Ia menyebut sebagian besar menteri saat ini adalah sosok lama dari pemerintahan Jokowi yang cenderung ABS (Asal Bapak Senang). Menurutnya, keputusan politik besar seperti BRICS harus dikawal oleh suara rakyat dan diperkuat dengan kesiapan rakyat sebagai kekuatan cadangan negara.

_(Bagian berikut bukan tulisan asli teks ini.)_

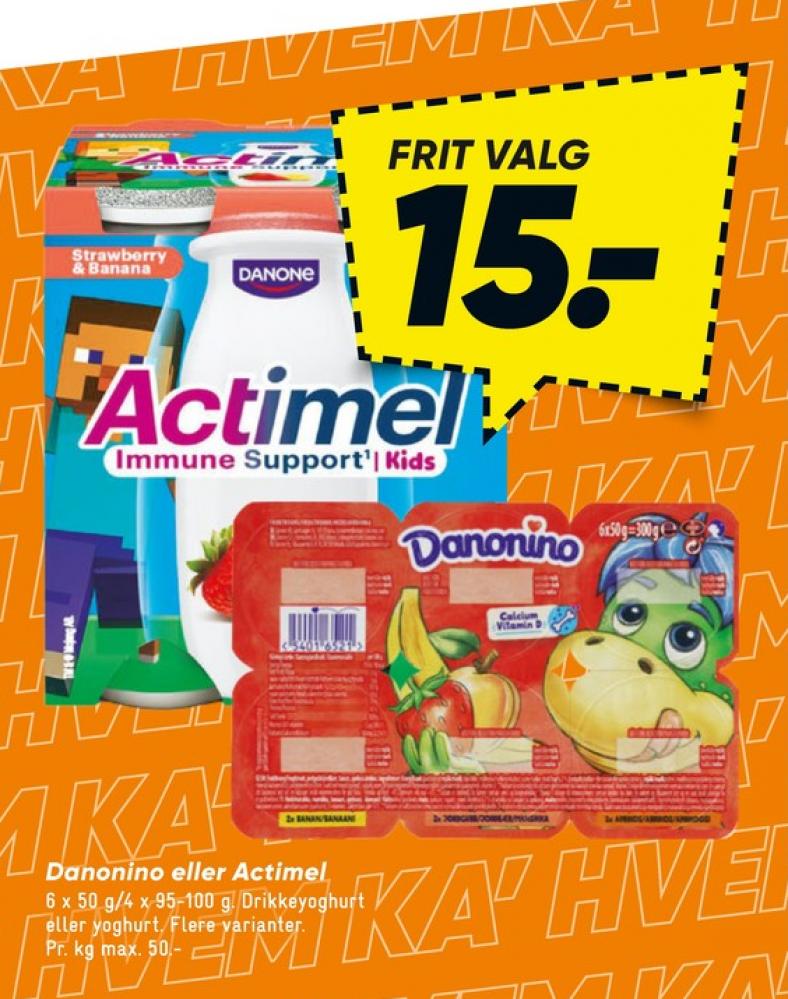 Danone Danonino, Jordbær, Banan & Abrikos yoghurt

Syahganda juga menyoroti dominasi kekuatan intelijen Amerika Serikat di Indonesia selama lebih dari tiga dekade, dan menyebut bahwa dampaknya tidak bisa disepelekan. “Kalau mereka marah, cukup lewat proxy CIA saja, Papua bisa goyah,” ujarnya dalam diskusi yang juga dihadiri tokoh-tokoh nasional seperti Prof. Marsetio, Dr. Dina Sulaeman, Pahala Manshuri, Teguh Santosa, Said Didu, hingga Bambang Soesatyo.
Diskusi menyoroti bahwa ketegangan global tidak boleh hanya direspons secara simbolik. Syahganda mengingatkan, kekuatan Indonesia tidak sebanding dengan anggaran militer AS dan NATO yang mencapai triliunan dolar.
“BRICS bukan hanya soal ekonomi, tapi juga soal konsekuensi geopolitik. Indonesia harus punya perhitungan matang dan komando rakyat yang siap mendukung,” katanya.
Syahganda berharap hasil diskusi ini melahirkan komunike politik yang menyerukan agar Presiden Prabowo Subianto membuka ruang partisipasi publik dalam kebijakan luar negeri. Ia juga menekankan pentingnya Prabowo tidak menjadi presiden elitis yang jauh dari denyut masyarakat.
“People power adalah kunci kekuatan. Tanpa itu, kita lemah menghadapi tekanan global,” pungkasnya.